Species of flowering plant

Cryptandra alpina, commonly known as alpine pearlflower, is a species of flowering plant in the family Rhamnaceae and is endemic to Tasmania. It is a small, prostrate shrub with slender branches, linear leaves, and tube-shaped white flowers arranged singly on the ends of branches.

==Description==
Cryptandra alpina is a prostrate shrub that typically grows to a height of up to 20 cm and has many slender, wiry branches usually less than 15 cm long. Its leaves are linear, cylindrical and glabrous, 2–4 mm long and 0.5 mm wide. The flowers are arranged singly on the ends of branches with broad, overlapping brown bracts at the base, the inner bracts often nearly as long as the sepal tube. The sepals are white and joined at the base, forming a tube more than 4 mm long and woolly hairy on the outside with egg-shaped lobes slightly shorter than the sepal tube.

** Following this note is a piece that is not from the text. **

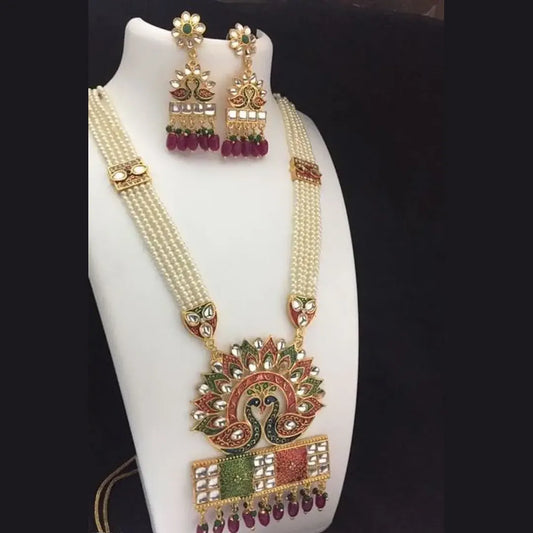 Precious Alloy Pearls Work Jewellery Set
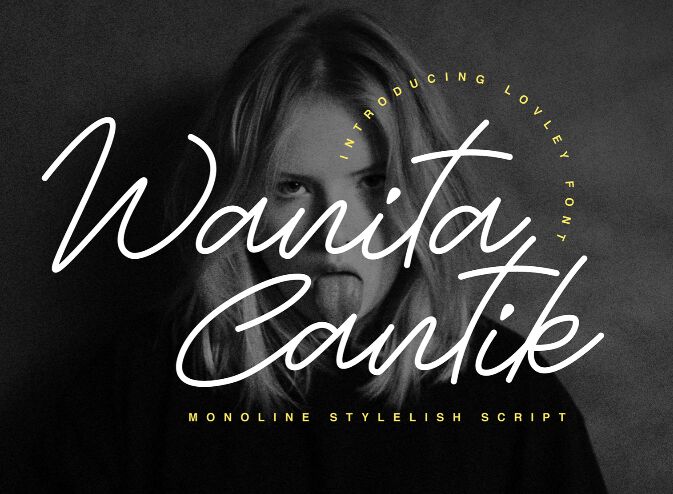 Wanita Cantik Monoline Script Font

The petals are white, tube-shaped and form a hood over the stamens.

==Taxonomy==
Cryptandra alpina was first formally described in 1855 by Joseph Dalton Hooker in The botany of the Antarctic voyage of H.M. Discovery ships Erebus and Terror from specimens collected by Ronald Campbell Gunn. The specific epithet (alpina) means "alpine".

== Distribution and habitat ==
Alpine pearlflower grows in alpine and subalpine areas in the Central Plateau area of Tasmania at an altitude of about 3800 ft.